A. The Parties previously entered into that certain Escrow Agreement dated June 26, 2024, as amended on September 5, 2024 and September 20, 2024 (the “Escrow Agreement”).
B. The Parties have agreed, subject to the terms, amendments, conditions and understandings expressed in this Amendment, to further amend the Escrow Agreement.
NOW, THEREFORE, for good and valuable consideration, the receipt and sufficiency of which is hereby acknowledged, the parties agree as follows:
1. Recitals. Each of the parties hereto acknowledges and agrees that the recitals set forth above in this Amendment are true and accurate and are hereby incorporated into and made a part of this Amendment.
2. Escrow Conditions. Section 3(c) of the Escrow Agreement is hereby amended and restated as follows:
“(c) immediately following the closing of the Business Combination, Company (the combined entity) has no outstanding debt other than (i) the Note, (ii) any debt incurred with respect to an SRED credit accounts receivable financing of up to $1.5 million, (iii) any debt incurred with respect to the financing agreement between DMI and The Bank of Nova Scotia with respect to motor vehicle THOR Industries Outlaw 38 (2021) (RV); (iv) trade payables incurred in the ordinary course of business; (v) amounts payable pursuant to those certain secured promissory notes to be issued to East West Capital, LLC and Breabeacon Holdings, Inc. on or prior to the closing of the Business Combination (the “New Notes”); (vi) the non-convertible debt set forth on Schedule 4(iii) of those certain Note Purchase Agreements pursuant to which the Note and New Notes are issued; and (vii) any other debt incurred by the Company, DMI or DMC with the consent of the Investor.
3. Extension. The third sentence of Section 4 of the Escrow Agreement is hereby deleted in its entirety and replaced with the following:
“In the event the Escrow Conditions have not been satisfied by November 30, 2024, (“Extension Date”), provided that the maturity date of the outstanding convertible notes of DMI have also been extended to a date no earlier than the Extension Date, then Escrow Agent is hereby authorized to return the Escrow Amount to Investor and return the Guaranties to DMI and DMC upon request from Investor.”

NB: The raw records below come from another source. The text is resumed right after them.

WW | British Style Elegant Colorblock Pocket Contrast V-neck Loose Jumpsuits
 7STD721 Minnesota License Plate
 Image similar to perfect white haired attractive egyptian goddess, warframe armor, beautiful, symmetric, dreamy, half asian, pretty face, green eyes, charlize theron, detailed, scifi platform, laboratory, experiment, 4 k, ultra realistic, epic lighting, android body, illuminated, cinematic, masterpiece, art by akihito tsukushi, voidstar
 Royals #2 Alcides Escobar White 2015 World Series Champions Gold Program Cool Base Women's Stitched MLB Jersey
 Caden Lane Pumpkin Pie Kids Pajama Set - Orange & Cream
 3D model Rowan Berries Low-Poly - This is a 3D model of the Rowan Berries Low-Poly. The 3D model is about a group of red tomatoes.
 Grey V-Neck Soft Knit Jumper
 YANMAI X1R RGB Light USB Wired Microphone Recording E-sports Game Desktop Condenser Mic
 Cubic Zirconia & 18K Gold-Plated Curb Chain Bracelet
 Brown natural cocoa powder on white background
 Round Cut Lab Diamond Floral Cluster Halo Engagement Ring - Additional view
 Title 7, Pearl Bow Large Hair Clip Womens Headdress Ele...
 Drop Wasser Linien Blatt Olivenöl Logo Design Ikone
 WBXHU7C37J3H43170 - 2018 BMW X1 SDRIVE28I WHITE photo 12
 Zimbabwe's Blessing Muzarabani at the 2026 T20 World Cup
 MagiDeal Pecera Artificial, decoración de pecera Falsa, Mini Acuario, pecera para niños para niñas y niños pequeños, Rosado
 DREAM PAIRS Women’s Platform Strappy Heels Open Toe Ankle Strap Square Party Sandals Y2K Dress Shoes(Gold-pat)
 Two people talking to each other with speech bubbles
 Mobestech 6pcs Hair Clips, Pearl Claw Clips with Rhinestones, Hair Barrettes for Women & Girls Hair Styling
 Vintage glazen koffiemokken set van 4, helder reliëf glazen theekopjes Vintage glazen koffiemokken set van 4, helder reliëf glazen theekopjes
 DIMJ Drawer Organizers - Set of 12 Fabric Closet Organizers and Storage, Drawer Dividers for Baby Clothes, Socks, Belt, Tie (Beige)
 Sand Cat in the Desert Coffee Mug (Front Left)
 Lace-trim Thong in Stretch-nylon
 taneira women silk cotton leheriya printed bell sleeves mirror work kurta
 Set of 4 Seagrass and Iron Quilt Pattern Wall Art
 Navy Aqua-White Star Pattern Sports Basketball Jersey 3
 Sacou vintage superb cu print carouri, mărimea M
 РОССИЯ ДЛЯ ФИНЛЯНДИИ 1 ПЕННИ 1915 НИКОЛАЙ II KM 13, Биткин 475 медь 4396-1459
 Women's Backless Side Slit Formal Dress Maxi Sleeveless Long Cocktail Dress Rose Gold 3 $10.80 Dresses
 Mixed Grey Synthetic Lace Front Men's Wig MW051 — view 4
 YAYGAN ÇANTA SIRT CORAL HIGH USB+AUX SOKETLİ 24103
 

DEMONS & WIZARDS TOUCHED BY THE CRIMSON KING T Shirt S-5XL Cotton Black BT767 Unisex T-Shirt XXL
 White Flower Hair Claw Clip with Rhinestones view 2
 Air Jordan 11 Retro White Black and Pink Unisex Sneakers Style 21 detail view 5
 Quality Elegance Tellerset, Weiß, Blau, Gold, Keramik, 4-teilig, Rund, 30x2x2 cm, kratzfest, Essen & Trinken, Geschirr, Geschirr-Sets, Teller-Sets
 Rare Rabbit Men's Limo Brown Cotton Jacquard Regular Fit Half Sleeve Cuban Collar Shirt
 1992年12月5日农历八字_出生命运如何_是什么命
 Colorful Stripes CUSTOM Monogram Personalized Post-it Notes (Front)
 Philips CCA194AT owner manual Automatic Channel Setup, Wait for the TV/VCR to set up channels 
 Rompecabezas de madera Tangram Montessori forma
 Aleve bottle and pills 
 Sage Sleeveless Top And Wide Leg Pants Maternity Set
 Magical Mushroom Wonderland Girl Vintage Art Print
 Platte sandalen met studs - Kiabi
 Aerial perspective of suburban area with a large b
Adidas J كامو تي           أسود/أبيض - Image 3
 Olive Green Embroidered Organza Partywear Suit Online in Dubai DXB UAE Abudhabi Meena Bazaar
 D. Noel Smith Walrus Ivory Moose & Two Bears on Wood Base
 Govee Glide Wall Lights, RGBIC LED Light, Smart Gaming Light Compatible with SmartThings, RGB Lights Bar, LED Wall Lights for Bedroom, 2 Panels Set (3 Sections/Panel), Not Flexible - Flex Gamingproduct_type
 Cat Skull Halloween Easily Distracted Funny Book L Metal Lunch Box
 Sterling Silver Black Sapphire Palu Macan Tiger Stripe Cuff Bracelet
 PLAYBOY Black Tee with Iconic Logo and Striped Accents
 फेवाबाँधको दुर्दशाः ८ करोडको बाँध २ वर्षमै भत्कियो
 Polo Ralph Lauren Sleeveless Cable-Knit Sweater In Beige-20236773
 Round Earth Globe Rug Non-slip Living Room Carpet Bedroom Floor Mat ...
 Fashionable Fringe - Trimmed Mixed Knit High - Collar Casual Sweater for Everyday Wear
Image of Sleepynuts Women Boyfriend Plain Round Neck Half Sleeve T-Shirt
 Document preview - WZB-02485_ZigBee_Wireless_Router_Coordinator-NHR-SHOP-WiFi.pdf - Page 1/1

3. Representations and Warranties. Each Escrow Party for itself, and for its affiliates, successors and assigns, hereby acknowledges, represents, warrants and agrees that such Escrow Party has full power and authority to enter into this Amendment and to incur and perform all obligations and covenants contained herein, all of which have been duly authorized by all proper and necessary action. No consent, approval, filing or registration with or notice to any governmental authority is required as a condition to the validity of this Amendment or the performance of any of the obligations of such Escrow Party hereunder.
4. Certain Acknowledgments. Each of the Escrow Parties acknowledges and agrees that no property or cash consideration of any kind whatsoever has been or shall be given by Investor to any other Escrow Party in connection with this Amendment.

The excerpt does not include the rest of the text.